Detect: rg.FeedbackDataset.from_argilla(name).records returns fewer records than the uploaded list; checking the Argilla UI shows the dataset exists but with a lower row count.
Fix: upload in batches using dataset.add_records(batch) in chunks of 500–1000; add a post-upload assertion that len(dataset.records) == len(source_records).
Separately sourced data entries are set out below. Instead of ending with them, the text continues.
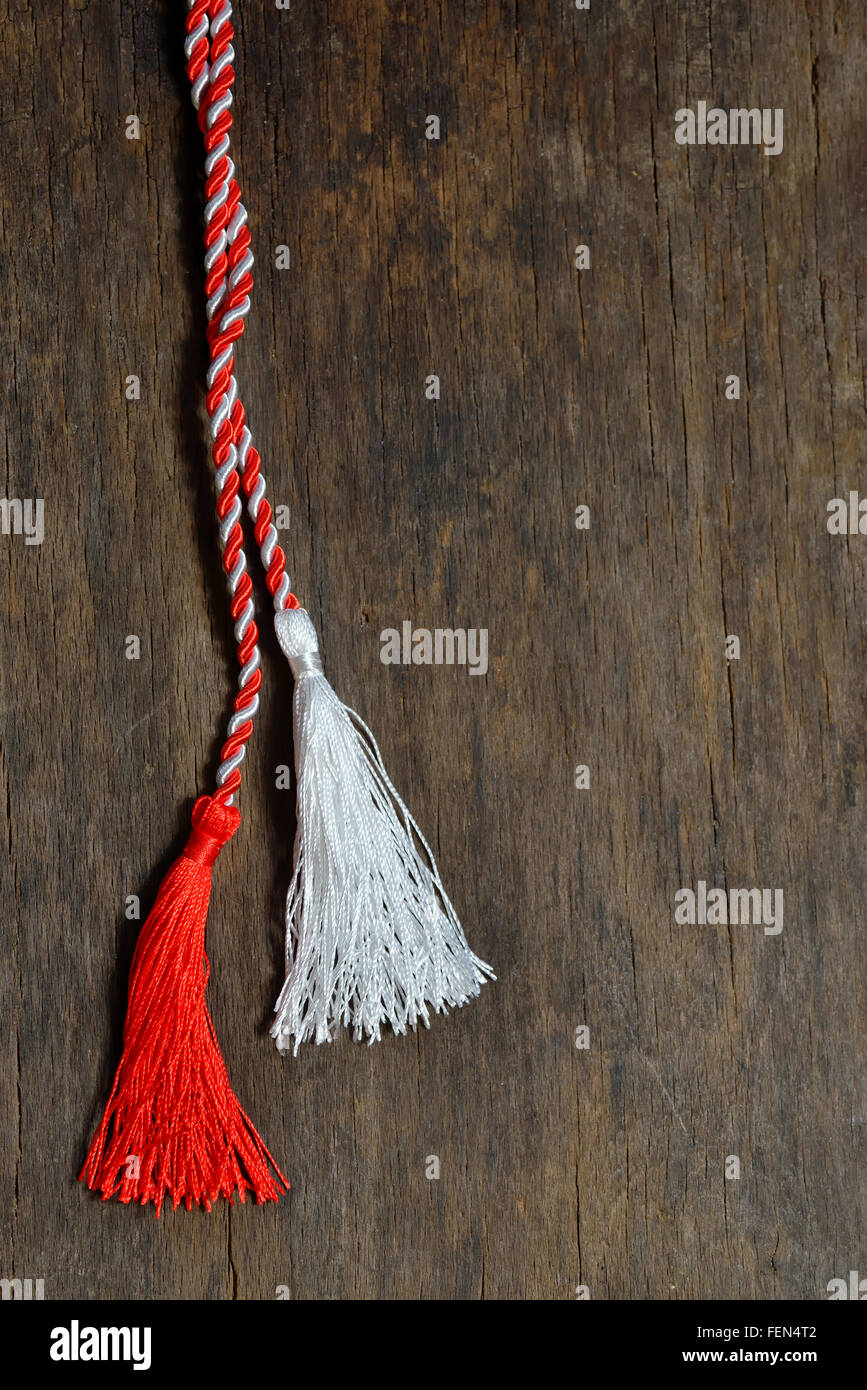 März 1 traditionelle Schmuckstück Simbol auf hölzernen Hintergrund Stockfoto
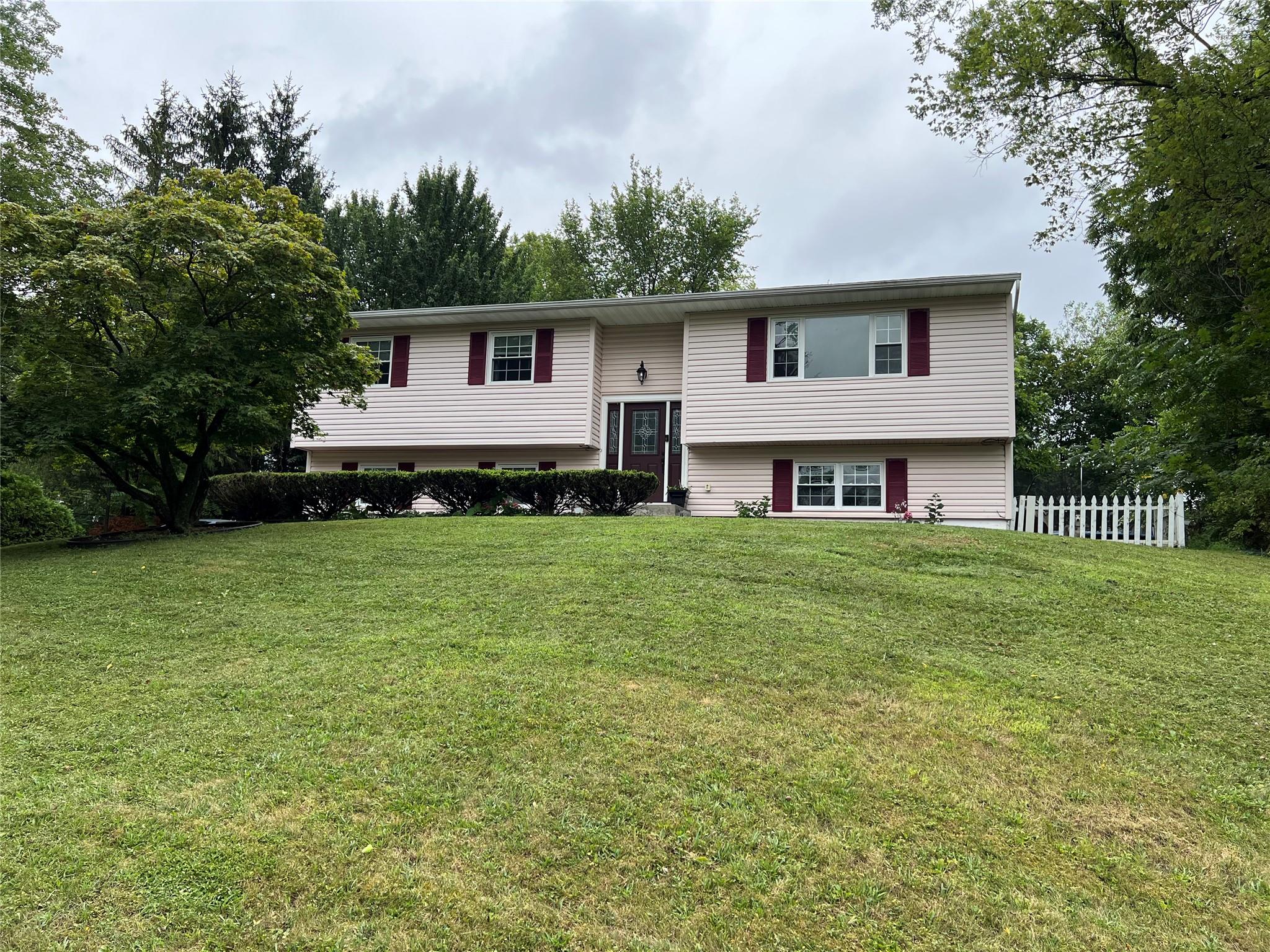 6 Peace Drive, Middletown, NY 10941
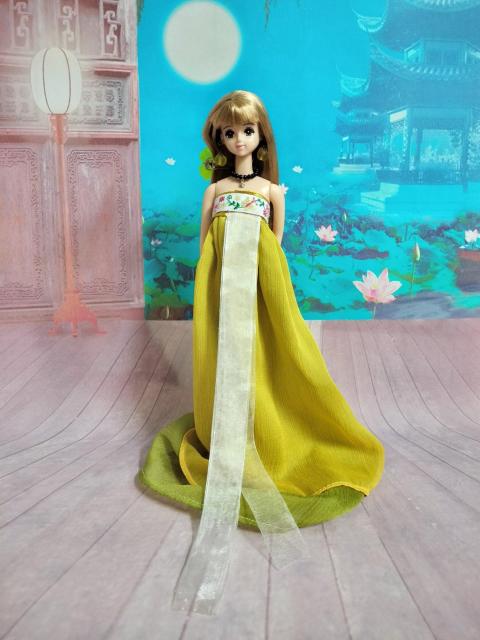 スーパーロングヘアーニュージェニー&アウトフィットセット < おもちゃ スーパーロングヘアーニュージェニー&アウトフィットセット < おもちゃの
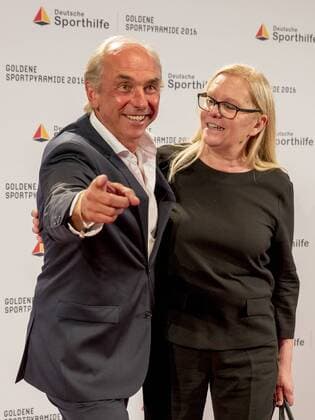 Aachen - CHIO 2016 Verleihung Goldene Sportpyramide durch die Deutsche Sporthilfe. Alexander Pusch mit Frau Ute auf dem Roten Teppich -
Inter-annotator agreement is measured only at the end of the project and reveals κ < 0.5, making the entire dataset unusable
Why: agreement is computed retrospectively on completed annotations; if the annotation guidelines were ambiguous, all annotators may have interpreted the task differently from the start, producing inconsistent labels throughout the dataset.
Detect: Cohen's kappa across annotators is below 0.5 after all annotations are complete; reviewing disagreements shows systematic differences in how annotators interpret "helpfulness" rather than random noise.
Fix: run an inter-annotator agreement calibration round on 50–100 overlap tasks before the main annotation begins; review disagreements, update guidelines, and retrain annotators before starting the full project.

Connections

data/distilabel — Argilla's synthetic data pipeline; works alongside Argilla for hybrid human+synthetic annotation
data/synthetic-data — LLM-generated preference pairs to supplement human annotation
data/rlhf-datasets — HH-RLHF, UltraFeedback — pre-built datasets before building your own
fine-tuning/dpo-grpo — DPO/GRPO training uses chosen/rejected pairs produced by annotation tooling
fine-tuning/decision-framework — when annotation cost is justified vs synthetic data

Open Questions

How does LLM-as-annotator quality compare to human annotation for safety-sensitive domains?
Is Argilla v2.x API now stable enough to recommend over v1 for new projects?
At what scale does commercial annotation (Scale AI, Surge) become cheaper than running an in-house Argilla deployment?